メイドインジャパンを特集した最新号の「ギンザ(GINZA)」2016年12月号。今回のギンザで最も印象に残ったページは、メインであるはずのメイドインジャパン特集ではなく、女優の木村佳乃が「ヴェトモン(Vetements)」を着ていたファッションフォトだった。その写真には、僕がこれまでテレビドラマや映画で何度も観てきた木村佳乃の姿よりも、ずっと魅力的な木村佳乃が写っていた。

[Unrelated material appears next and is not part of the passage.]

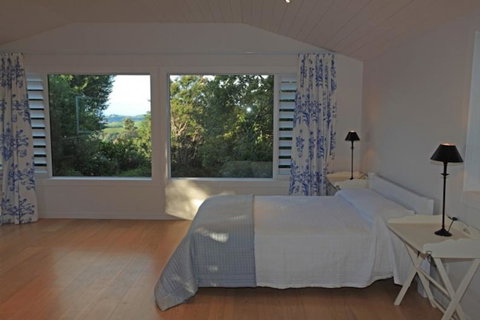 Claire's Luxury Hideaway - Accommodation New Zealand 4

彼女が着ていたヴェトモンの服は、身体のラインを綺麗に見せるシルエットとは真逆のビッグシルエットで、フェミニンな要素はまったくない。例えばオートクチュール黄金期に端を発する王道エレガンスと、撮影に用いられたヴェトモンを照らし合わせれば、その違いは一目瞭然だ。ヴェトモンの服に伝統の美しさを感じることは難しい。だが、そんな服を着た木村佳乃の姿が僕にはとても魅力的だった。可愛さや綺麗さとは別の、彼女だけが持つ「何か」が立ち上がっていたように思えた。そして同様のことを僕は「セリーヌ(Celine)」からも感じている。

近年のセリーヌはもはやトレンドセッターではない。現在のフィービー・ファイロ(Phoebe Philo)のコレクションは、「クロエ(Chloé)」時代やセリーヌ初期のような「着たい!欲しい!」という実需的感性を刺激する服を作っているようには見えない。今のセリーヌは、時代のニーズを捉える服ではなく、例え否定されてでも新しい価値観を提案しようとするアヴァンギャルドなブランドに変貌した。

2017Resortコレクションを見た時には驚いた。1980年代のメンズスーツのシルエットが発表されていたからだ。誇張されたショルダーラインのジャケットとボリューミーなタックパンツは、日本ではバブルと呼ばれていた1980年代にトレンドとなったシルエットである。2017Resortコレクションのセリーヌでは、1980年代メンズスーツのシルエットが、現代の女性に向けた服として提案されている。他のルックにしても、あえて異物を取り入れたようなデザインが多く、一目見て素直に美しいとは思えない服ばかりだ。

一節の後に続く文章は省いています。